Living In the Void
“Honor the space between no longer and not yet” ~ Nancy Levin
The dark night of the soul cracked me open. It left me completely empty to be reborn anew. Now my Soul could truly be the driving force in my life except before this could truly happen, I had to deal with the aftermath of going through this initiation.
I had to learn to live in the Void.
In the Void, the unserving parts of you are gone. You are not who you used to be, you don’t know who you are anymore, and yet your purest essence is waiting to bloom, be expressed and pour out of you. It’s just not time quite yet.
The void is the bleak, blank canvas part of this alchemical journey.
People, patterns, habits and things that were previously present in your life have fallen away and you wonder how to connect to the world around you, as this you that you are now.
Everything feels different and strange. It feels still and quiet in a way that is at times unnerving and yet things are happening in the background that you can’t see yet.
So there I sat. Wondering, waiting. Unable to live as I had before and completely in the dark about what to do next.
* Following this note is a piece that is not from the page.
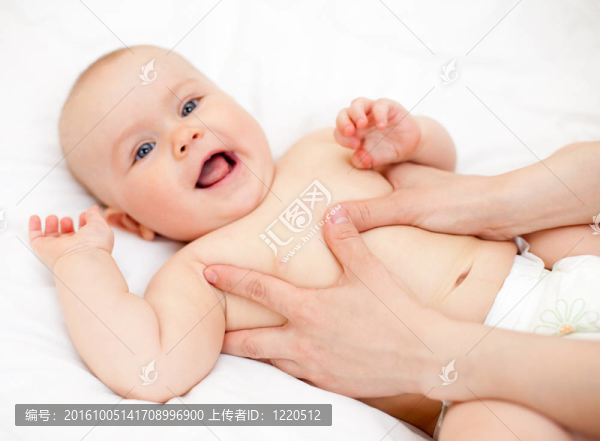 嬰兒按摩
Patience has nothing to do with waiting. Patience is about understanding the right moment for action and the right moment for stillness. – Alberto Villoldo
By now I was in between the dark night and the void. Somewhat entrenched and in and out of both.
A romantic relationship was slowly developing and it was interesting to notice how different he was from the 2 that came closely before him. He didn’t need me like the others did.
At this point the Contemporary Goddess idea had been in my mind for a year but it was not time to birth her yet. I was still learning to stand on solid ground and figure out who I was before reinventing myself.
How would I rebuild? What would I build or do?
I was still helping people get uncluttered yet the types of clients that I was working with were also changing because as I became more of myself, different kinds of people starting resonating with me even in my business.
Whatever intuitive and psychic abilities I’d had were now developed and on fire like never before. I would see things and not know what they meant and then later start to see proof that everything I saw and felt, was indeed not a figment of my imagination. I started confiding in a few people who knew me well, and sharing with them what I kept seeing and when I would report back to the them that most of what I saw became reality, I knew I wasn’t crazy. I knew I could start truly trusting my intuition and my seeing.
I knew that I was close to breaking through the dark ceiling of this abyss but there needed to be some sort of catalyst to get me out of it.
Diving out of the Abyss and into Surrender
A few weeks after my 36th birthday, I decided to jump out of an airplane and go skydiving. And even though sometimes I can come across somewhat hesitant to new things, I consider myself quite adventurous and courageous. Never having been a thrill seeker or an adrenaline junkie, I surprised even myself. Strangely, I had no fear if I lived or died even though I was not numb. I was just empty.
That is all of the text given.